# Audiospur von Video trennen und korrigieren



## jadranko (11. Juni 2005)

Hallo,

 ich habe ein Problem, und zwar habe ich ein Video gefilmt aber da verzögert sich der Ton im Laufe der Zeit. Nun wollte ich fragen wie kann ich die Tonspur von dem Film trennen und anschließend korigieren.

 Für hilfreiche Tipps bin ich sehr dankbar.

 Danke


----------



## chmee (11. Juni 2005)

Trennen sollte eigentlich mit jedem Videoschnitt-Programm gehen, mann muß ihm eben
nur sagen, er soll Audio erstellen/rendern/speichern.

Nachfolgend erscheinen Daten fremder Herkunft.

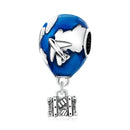 S925 Sterling Silver Airplane Hot Air Balloon Pendant DIY Bracelet Necklace Accessories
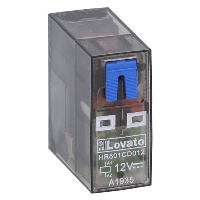 Lovato HR50 Single Pole 10A Relay 12VDC Coil 1 Change-Over Contact Lockable Test Button and LED Indication
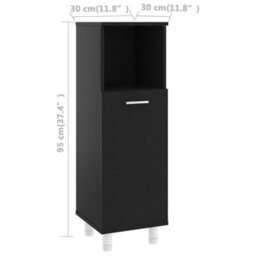 Vidaxl Bathroom Cabinet Black 30X30X95 Cm Engineered Wood Bathroom Cabinets - thumbnail 3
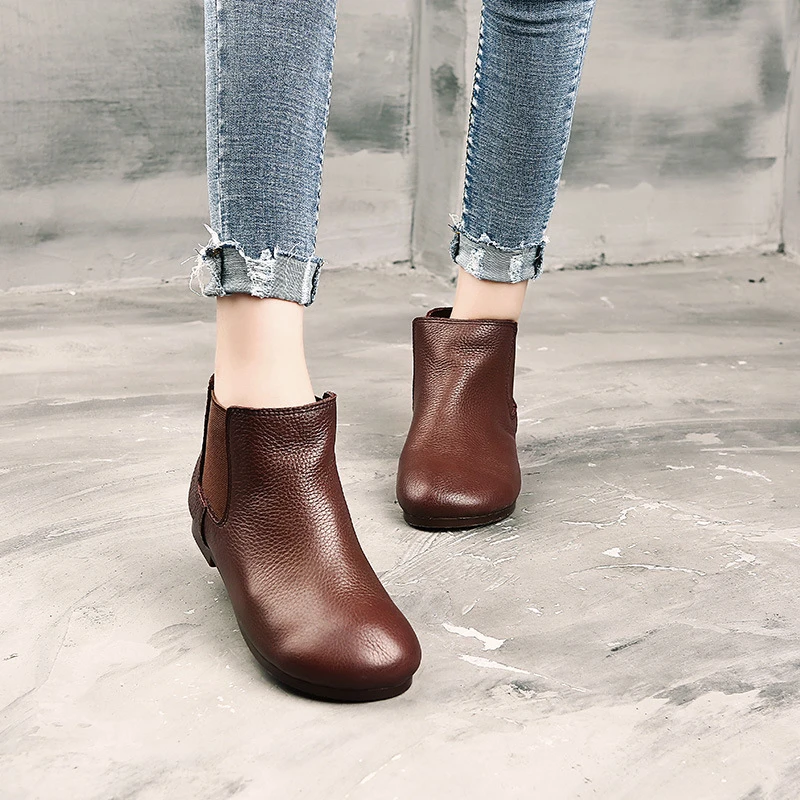 2021 new Leather ankle boots, flat shoes, vintage boots, round head, cowhide shoes, single boots PIAN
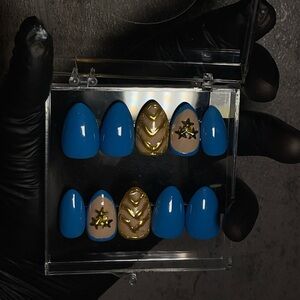 Blue and Gold Press-On Nails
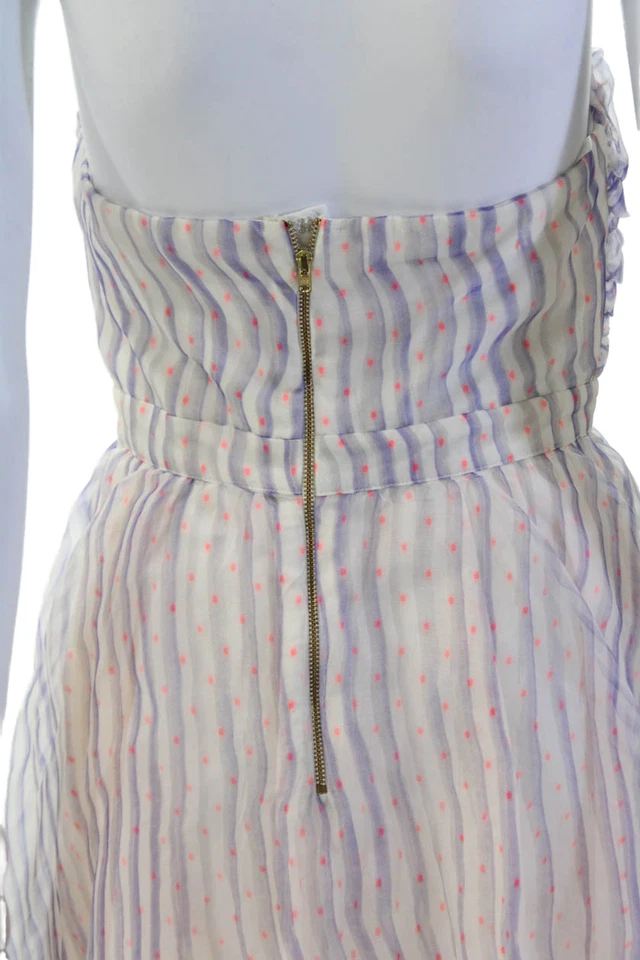 Vestido Manoush Para Mujer Cuello Corazón Cremallera Sin Mangas Rayas Lunares Blanco Talla Foto 4 de 4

Was ist das denn für ein Format, Deine Aufnahme ?

mfg chmee


----------



## jadranko (12. Juni 2005)

Also die Aufnahme ist in MPEG4 Format( mit einer Cam gemacht). 
 Das wesentliche problem ist ja das der ton am anfang mit dem Bild übereinstimmt aber mit der Zeit immmer mehr verschleift,  also erst kommt das Bild und erst nach einer Weile kommt der Ton da aber schon die nächste Sc(? oder z)ene anfängt und somit der ton mit dem bild nicht übereinstimmt. Diese Verzögerung baut sich dann immer weiter aus.
 Ich wollte fragen ob es einen Weg gibt dies zu korrigieren?

 Danke


----------